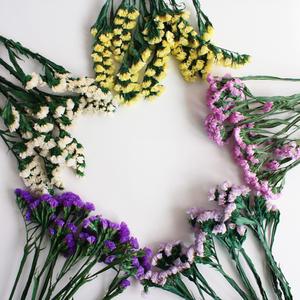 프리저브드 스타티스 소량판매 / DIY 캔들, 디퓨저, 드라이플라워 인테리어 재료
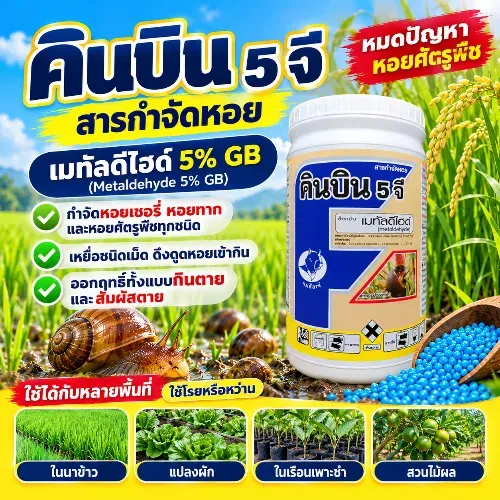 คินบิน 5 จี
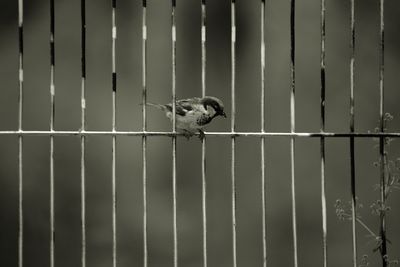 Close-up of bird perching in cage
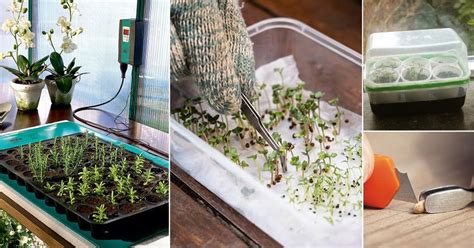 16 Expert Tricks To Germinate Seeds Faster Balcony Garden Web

# # # # # # #

WHAT THIS TASK INVOLVES – Where the line containing "คินบิน 5 จี" appears, begin writing out the lines exactly, and continue through the end of the material above, omitting pictures.

ANSWER TO THIS EXERCISE –
 คินบิน 5 จี
 Close-up of bird perching in cage
 16 Expert Tricks To Germinate Seeds Faster Balcony Garden Web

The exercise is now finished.